# The 'Boston Cracked-Shoe' Look!



## Russell Street (Nov 28, 2004)

Another phrase from the past...
Shoes so old the leather is flaking off.
Anyone remember?
Anyone still do it?
A very _old money_ look I think.
Also another phrase from Tom Wolfe... I think.

David


----------



## Intrepid (Feb 20, 2005)

In about 1962, I went to NYC to call on Shelby Cullum Davis, that my company was doing a deal with. 

Shelby was Princeton, @ 1920, Later served as ambassador to Switzerland, and has a building named after him on the Princeton campus.

I mention the above, only to illustrate the point that he wasn't hovering above homelessness.

When we met in his office, the first thing that caught my eye was his shoes. Looked like Alden, black, bal,cap toes. However, they were worn beyond belief. Looked like they had been through several winters of chores on Dr Allens property with nary a touch of polish or a trip to the cobbler.

I later realized that it was a sign of very old trad money, to come across with this image.

Probably what you are referring to.

Carpe Diem


----------



## Russell Street (Nov 28, 2004)

Absolutely!
A fantastic example - Thanks.

D.


----------



## Foghorn (Feb 2, 2005)

The term "well-heeled" comes to mind here. Shoes may be worn hard & well, but the soles & heels should be maintained. I suppose they could look as if they need servicing- but not beyond that. Sounds like the gentleman was too lazy to use saddle soap &/or keep his shoes polished. I keep my shoes polished & my clothes wrinkle-free (lots & lots of starch). I think it is wateful, coarse, & in poor taste to fail to properly maintain your clothing. I keep a good shine on my shoes. My collars may be frayed, but you wont find me with without a heavily pressed shirt.
Regards,
F


----------



## Intrepid (Feb 20, 2005)

> quote:_Originally posted by Foghorn_
> 
> The term "well-heeled" comes to mind here. Shoes may be worn hard & well, but the soles & heels should be maintained. I suppose they could look as if they need servicing- but not beyond that. Sounds like the gentleman was too lazy to use saddle soap &/or keep his shoes polished. I keep my shoes polished & my clothes wrinkle-free (lots & lots of starch). I think it is wateful, coarse, & in poor taste to fail to properly maintain your clothing. I keep a good shine on my shoes. My collars may be frayed, but you wont find me with without a heavily pressed shirt.
> Regards,
> F


Excellent point, Foghorn, and I agree with you completely, as it concerns the way we choose to care for things.

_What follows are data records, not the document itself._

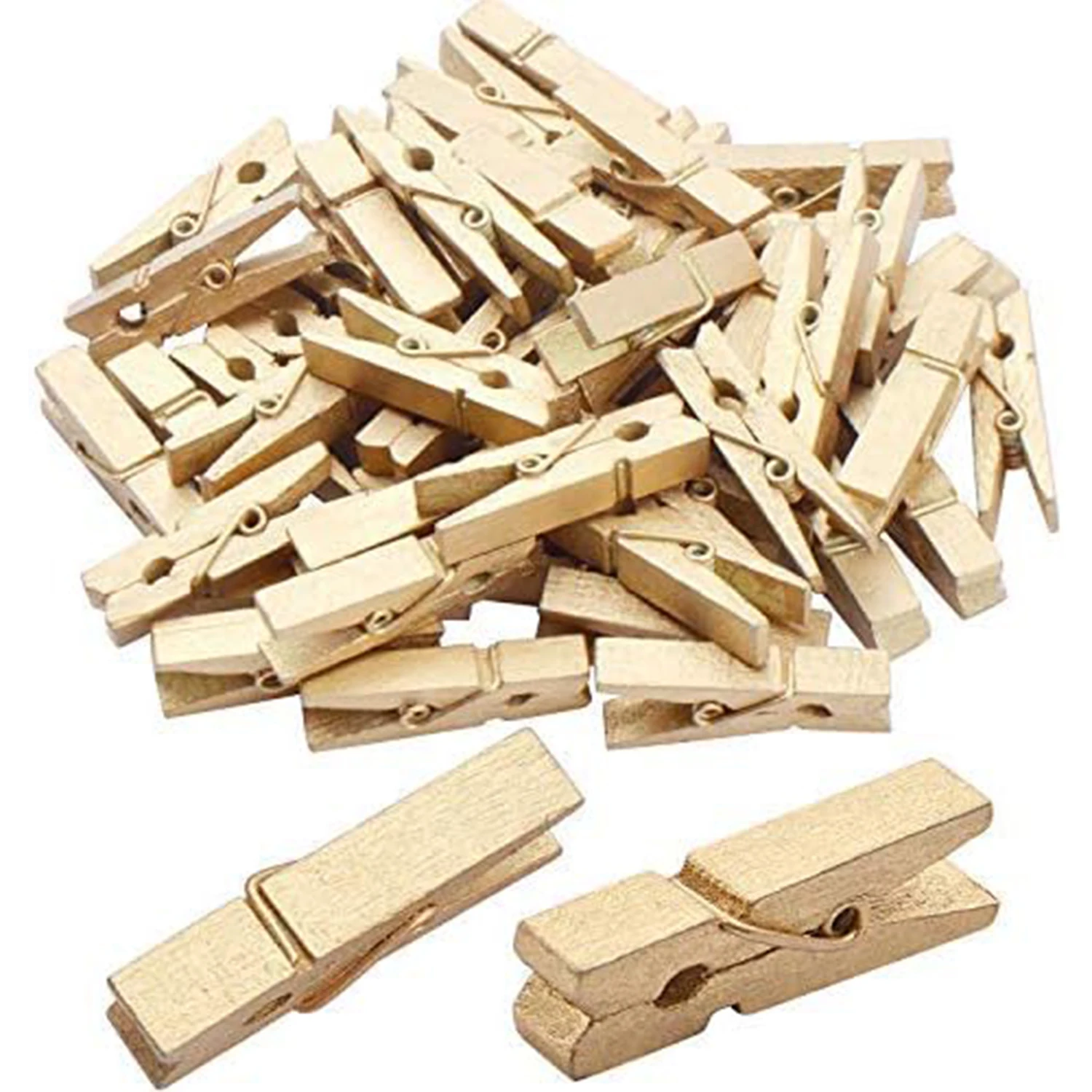 

50 Pieces Photo Clips,Mini Gold Wooden Picture Paper Clip Clothespins Peg for Office,Home,Arts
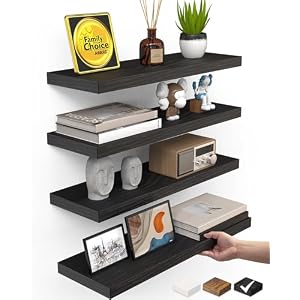BAYKA Black Floating Shelves 15.7in, Set of 4, Wall Mount Rustic Wood Shelf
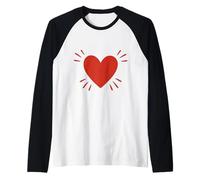 Diseño de corazón de energía de Amor cálido Camiseta Manga Raglan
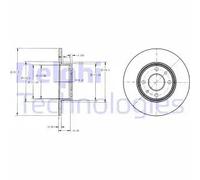 2x Disco de freno macizo BG2322 DELPHI para ALFA ROMEO FIAT LANCIA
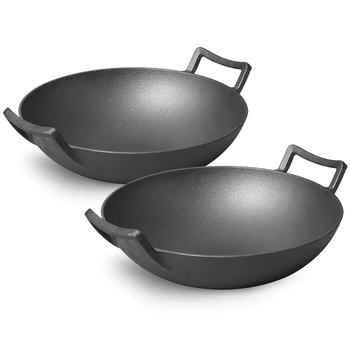 2X 32cm Commercial Cast Iron Wok FryPan Fry Pan with Double Handle image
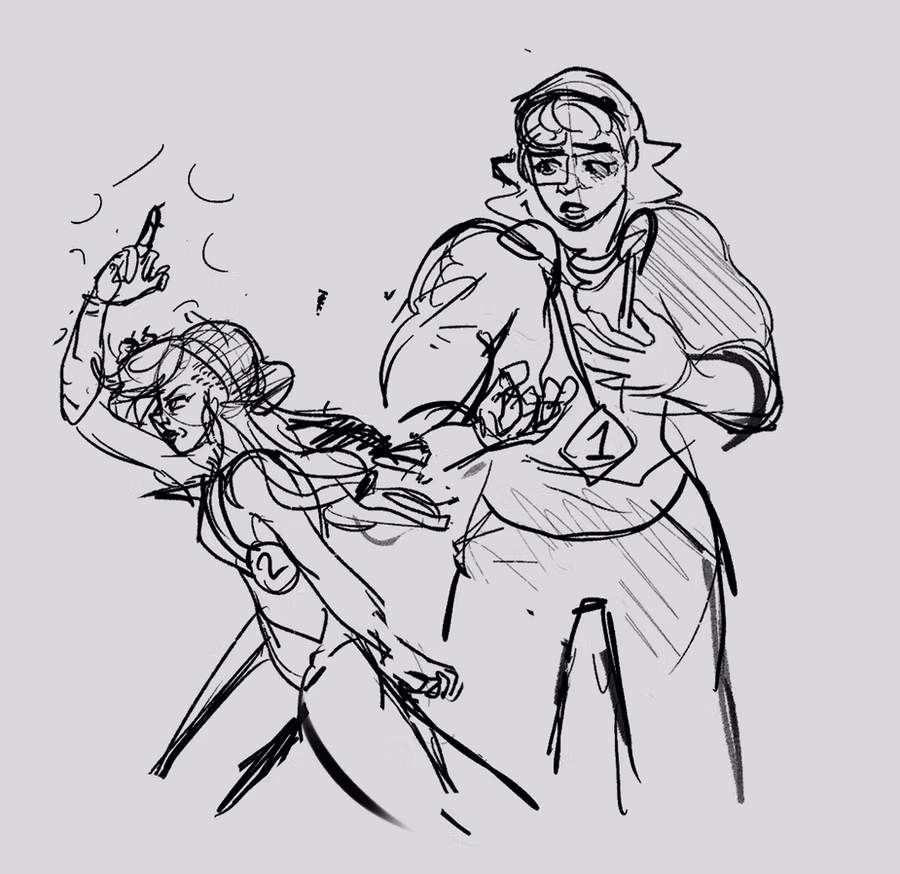 Rough gray pencil sketch from Race Against Tempium of Renila looking shocked as another character angrily hurls something at her, with motion marks and a raised fist.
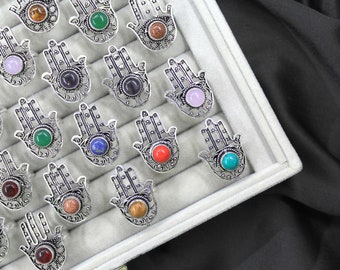 Crystal Gemstone Rings, hippie rings, Handmade Jewelry Ring, vintage Rings, bulk rings, chunky rings, Hand Rings Lot, Silver Overlay Rings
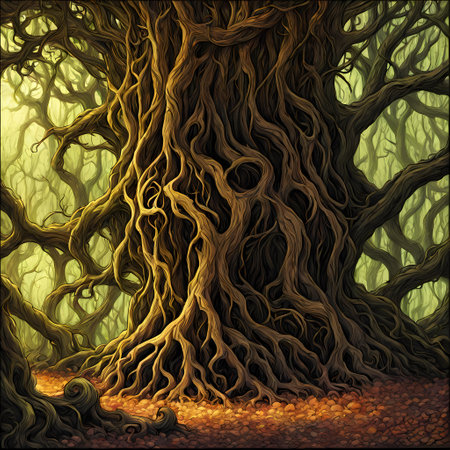 Fantasy forest with old trees and roots. Halloween background. Vector illustration.の素材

However, I don't think that this is the point of David's post. What he refers to is a strata of east coast, very old, vary large amounts of money. It's not a matter of being too lazy to properly care for shoes. It is a matter of the old trads, mostly gone by now, that took great pride in the fact that they were of a segment of society that could completely ignore things like appearance of shoes.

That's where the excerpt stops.